The arena of politics can be difficult to navigate. Now throw theology in the mix and the difficulties seem to multiply. Yet, God has given us his Word and he speaks to the political realm in a number of different passages. Today passage—1 Peter 2.13-17—is one such passage that gives us direction on how to reason as Christians. As will be mentioned in the sermon today, we need to apply God’s unchanging principles to changing circumstances. Within the history of the church Christians have had to live under varying political realities: monarchies, oligarchies, parliaments, tyrants, and democratic systems. These differing political realities still require the people of God to heed God’s timeless instructions.
A helpful essay is Attitudes Towards the State in Western Theological Thinking by Torleiv Austad in the October 1990 issue of Themelios. Here are a few select quotations from Austad’s piece:
From the NT texts which speak of the life of the Christian in the world, we may draw the following conclusions for understanding the mandate and limits of the state: First, the mandate of the state is to deal with and regulate the common social, political, and economic life of society. Secondly, the state has the right to require taxes from the citizens to be able to take care of some of the common needs, such as food and clothing, work and social welfare, law and justice. Thirdly, the state has to take care of and reward those who are doing right and to punish those who are doing wrong. Thus the state is on the way to fulfilling its mandate of administering justice. If the state pretends to give itself divine attributes and becomes involved in people’s relationship with God, it goes beyond its limits. It is also a transgression of those limits when a state offends elementary civil rights, especially when it restrains freedom of conscience.
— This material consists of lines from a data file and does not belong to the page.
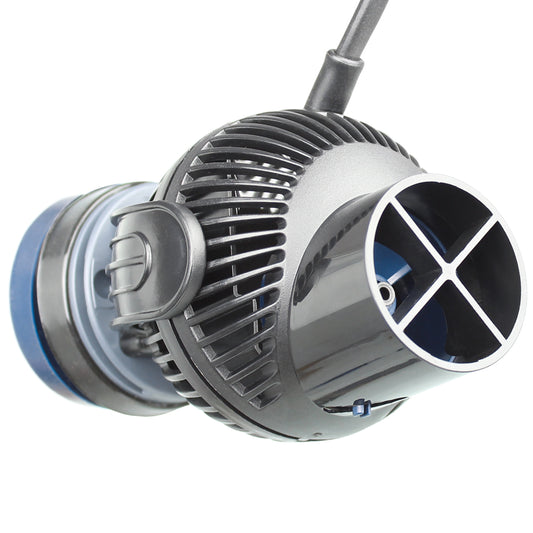*NEU* Tunze Turbelle Nanostream 6015 eco Strömungspumpe (max. 3700 l/h) (6015.005)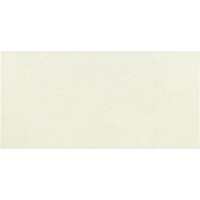 SENSITIVE Stone-2 22,3x44,8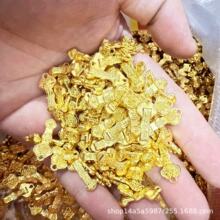 �Ͻ����Ļ����Ͻ������N����_�I�YƷ�ی������diy�ֹ��b�Ʒ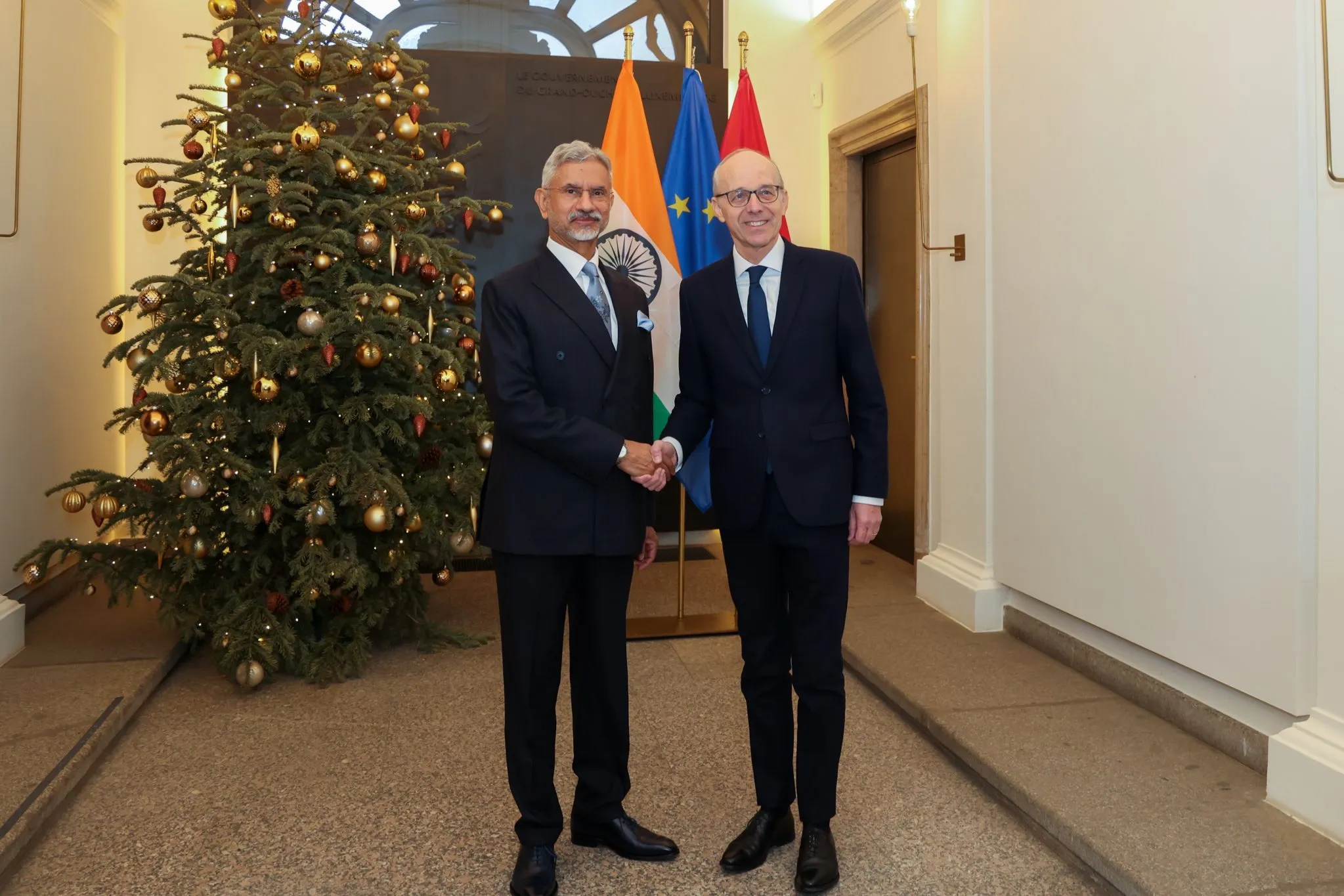 jaishankar-luxembourg-pm-meeting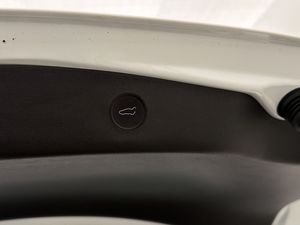 Tesla Model 3 bild 13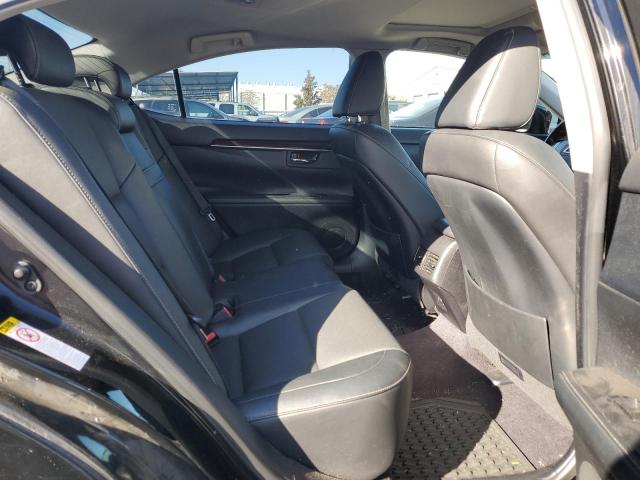 Zdjęcie 10 z aukcji – 2014 LEXUS ES 350 z VIN JTHBK1GG8E2133580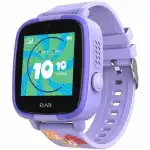 Elari FixiTime Fun FT-F-VIOLET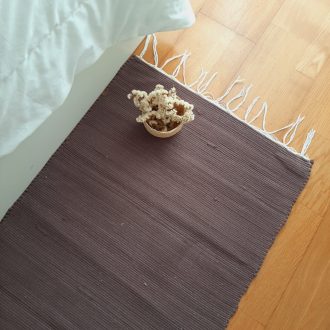 il_fullxfull.4603868647_r9i5-scaled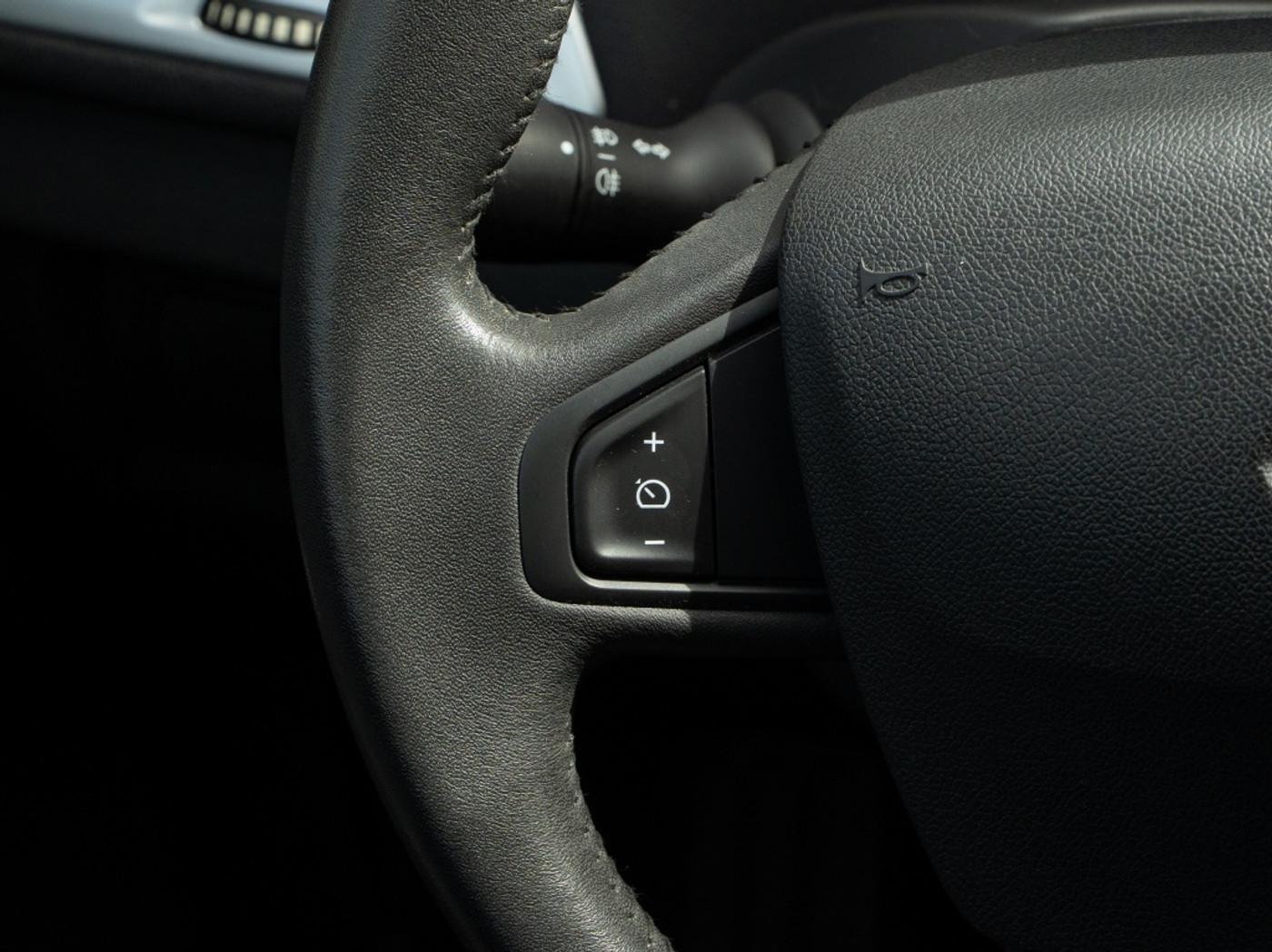 Foto van Renault Megane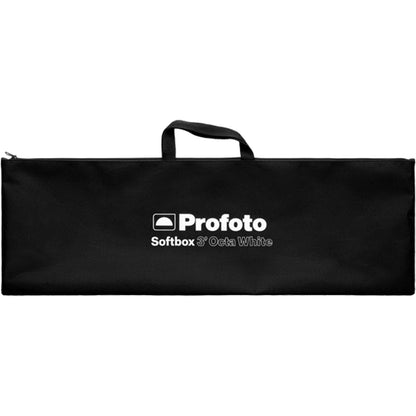 Profoto Softbox 3' Octa White - 1780589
In addition, a just state, i.e. a state which functions in accordance with its mandate, may not be totalitarian in terms of claiming sovereignty in all areas of life without crossing the line and entering into injustice and demonic power.
The task of the church over against the state is threefold: First, the church has to remind the state of its mandate and limits. Secondly, the church should encourage the citizens, Christians included, to co-operate with the actual state as far as it is true to its calling. Thirdly, because the state is constantly tempted to become totalitarian and degenerate, the church and Christians are called to be critical of every state and evaluate its functions on the basis of ethical premises. (p. 20)
Austad goes on to note that in the New Testament the state is given neither principled renunciation nor uncritical acceptance. He writes:
The apparently contradictory attitude can be illustrated by comparing Romans 13 and Revelation 13. In both cases Christians are confronted with the Roman state. While the governing authorities according to Romans 13 respect elementary civil rights, the same state in Revelation 13—about forty years later—is seen as the beast from the abyss. Therefore the attitude of Christians has changed from obedience to disobedience. Within the eschatological horizon of the NT the relationship between Christians and the governing authorities is never fixed; it is complex, sensitive and changing. (p. 22)
The interface between the church and the state can be tricky. Faithfully navigating through all the twists and turns of both cultural and political analysis as well as critically engaging in rigorous biblical and theological thinking is difficult. Even when Christians agree on fundament principles from God’s word there may still be disagreements on how to best apply those principles to concrete problems and situations. May God give us the grace and wisdom to faithfully pursue righteous and justice in all that we do—including in the realm of politics.